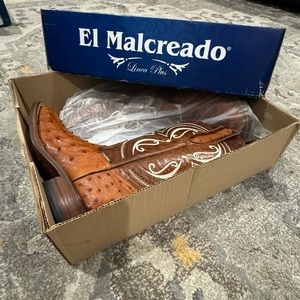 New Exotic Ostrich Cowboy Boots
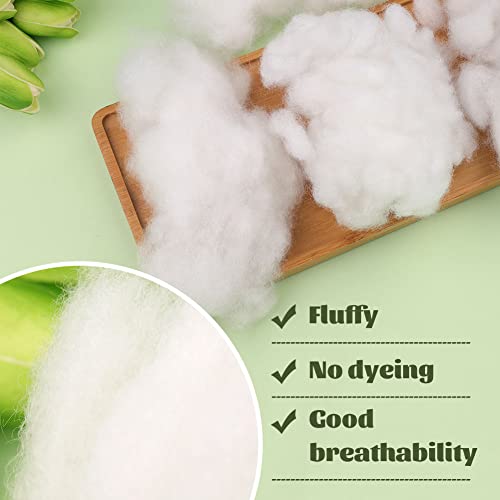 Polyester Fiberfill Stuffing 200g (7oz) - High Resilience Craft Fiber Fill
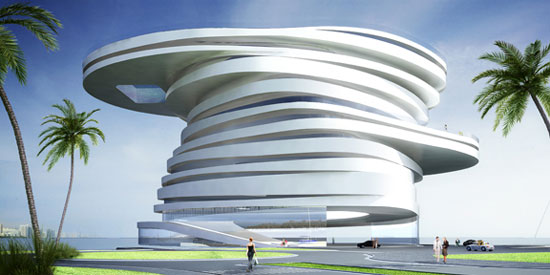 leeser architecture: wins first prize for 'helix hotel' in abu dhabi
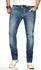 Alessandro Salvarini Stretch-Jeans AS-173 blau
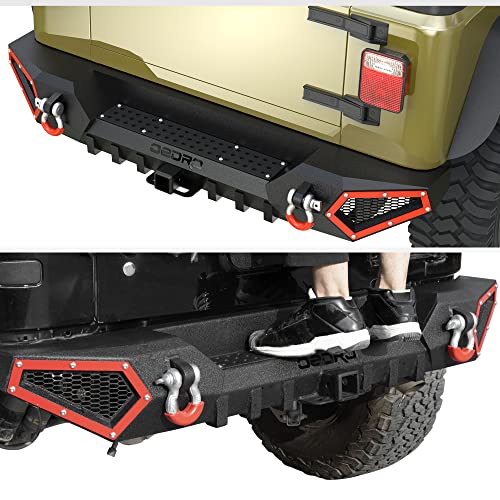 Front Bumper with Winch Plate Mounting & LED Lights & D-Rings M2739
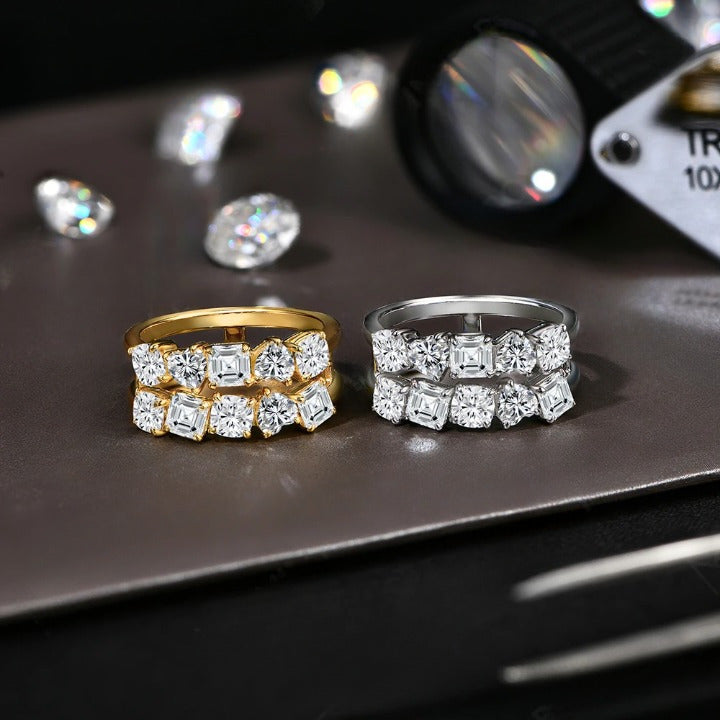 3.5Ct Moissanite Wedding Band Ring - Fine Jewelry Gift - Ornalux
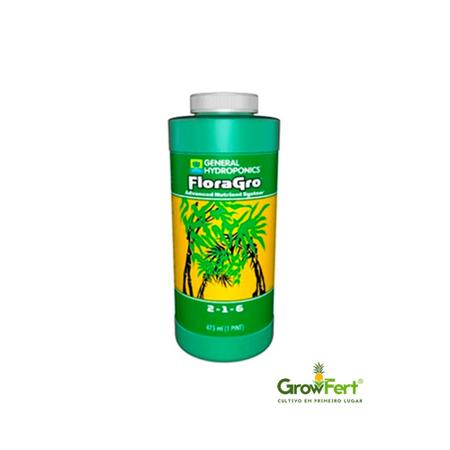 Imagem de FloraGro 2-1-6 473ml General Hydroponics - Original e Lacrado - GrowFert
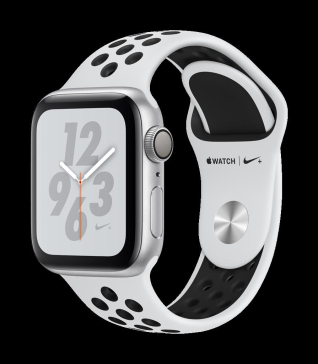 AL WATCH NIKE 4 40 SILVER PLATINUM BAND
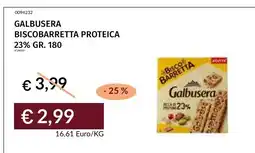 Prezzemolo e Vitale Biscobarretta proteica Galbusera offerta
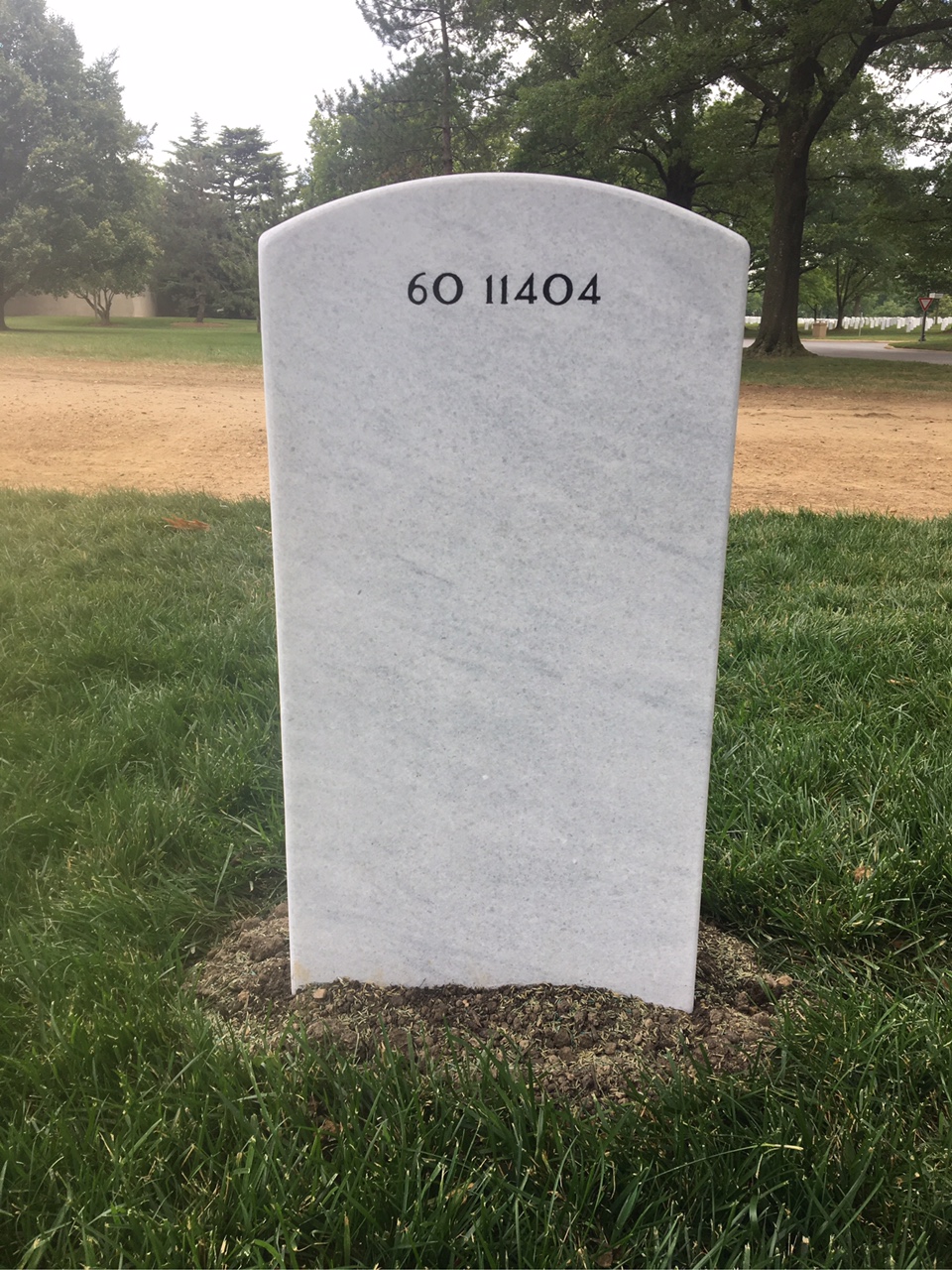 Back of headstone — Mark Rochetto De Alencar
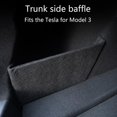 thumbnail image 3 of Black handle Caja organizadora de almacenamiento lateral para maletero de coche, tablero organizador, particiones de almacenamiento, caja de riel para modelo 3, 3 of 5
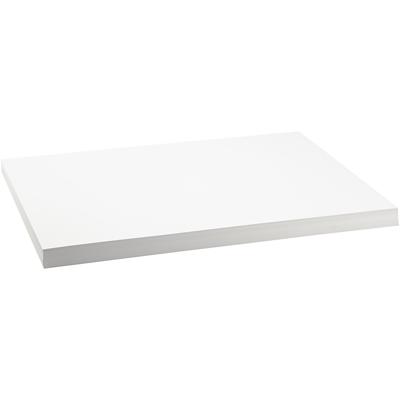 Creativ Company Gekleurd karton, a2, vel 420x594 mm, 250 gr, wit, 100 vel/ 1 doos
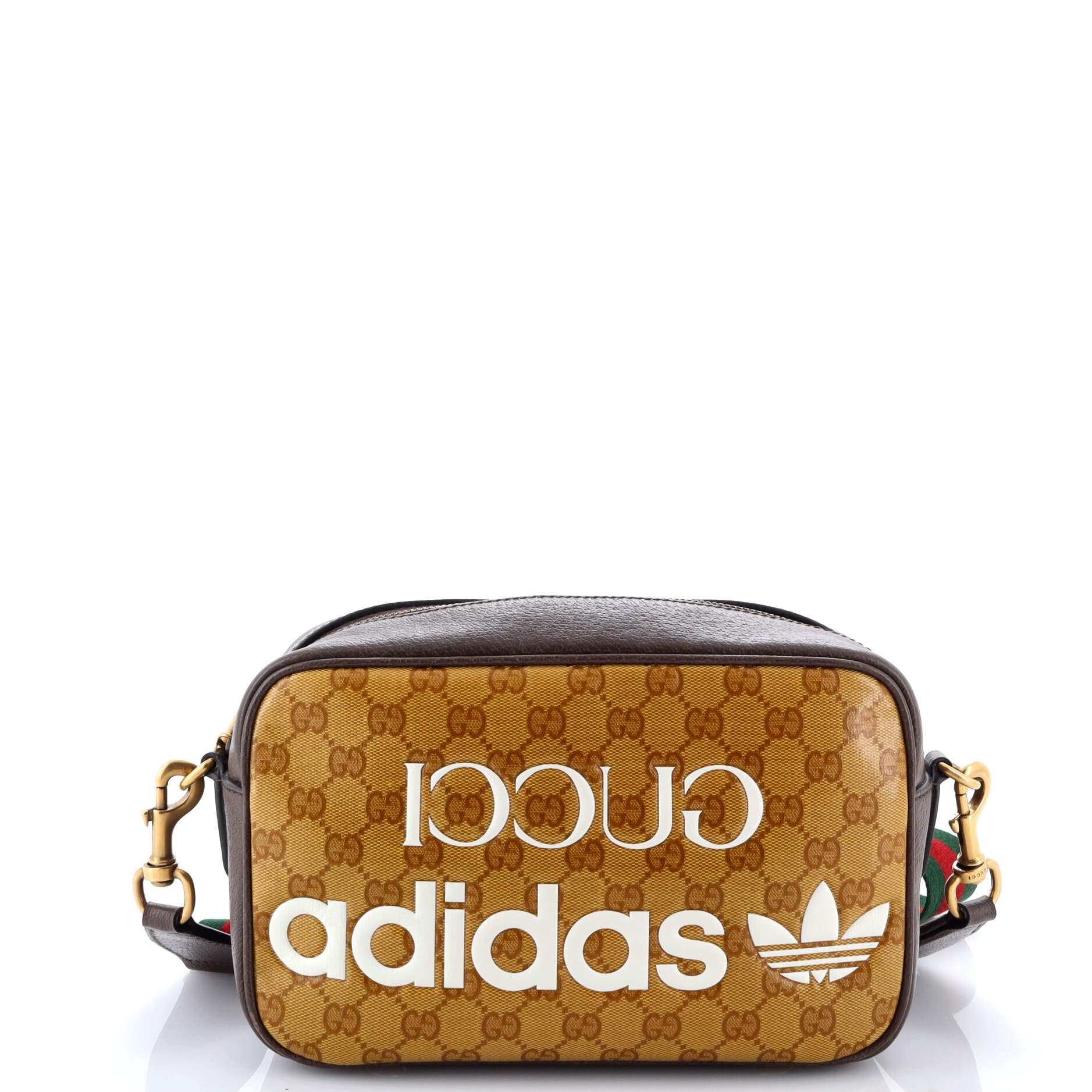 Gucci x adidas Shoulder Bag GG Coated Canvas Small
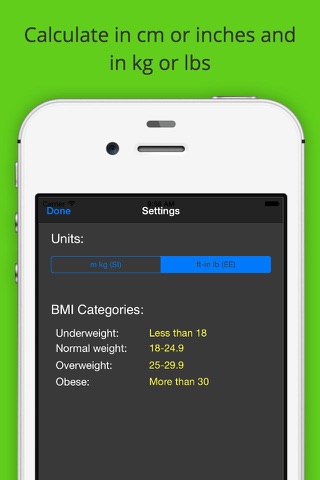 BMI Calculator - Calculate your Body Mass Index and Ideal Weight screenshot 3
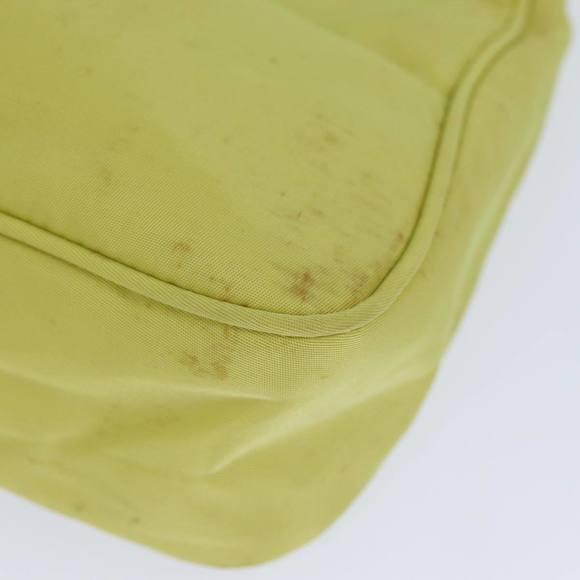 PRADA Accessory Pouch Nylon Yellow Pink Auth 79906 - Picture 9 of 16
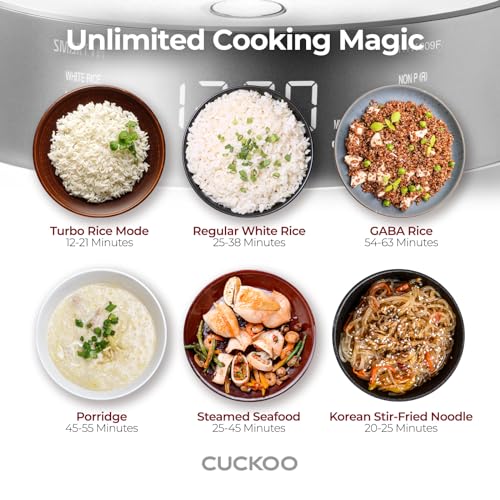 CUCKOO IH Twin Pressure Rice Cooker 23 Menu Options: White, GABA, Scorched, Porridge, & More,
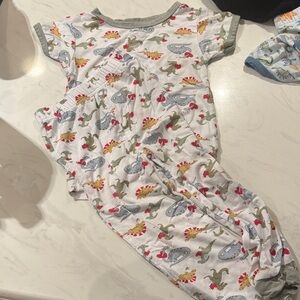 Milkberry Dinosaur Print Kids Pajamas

§

▶ **EXERCISE INSTRUCTIONS**:
Only the lines from the one containing "Gucci x adidas" through the last line of the records above should be repeated, exactly and without pictures.

▶ **EXERCISE RESULT**:
 Gucci x adidas Shoulder Bag GG Coated Canvas Small
 BMI Calculator - Calculate your Body Mass Index and Ideal Weight screenshot 3
 PRADA Accessory Pouch Nylon Yellow Pink Auth 79906 - Picture 9 of 16
 CUCKOO IH Twin Pressure Rice Cooker 23 Menu Options: White, GABA, Scorched, Porridge, & More,
 Milkberry Dinosaur Print Kids Pajamas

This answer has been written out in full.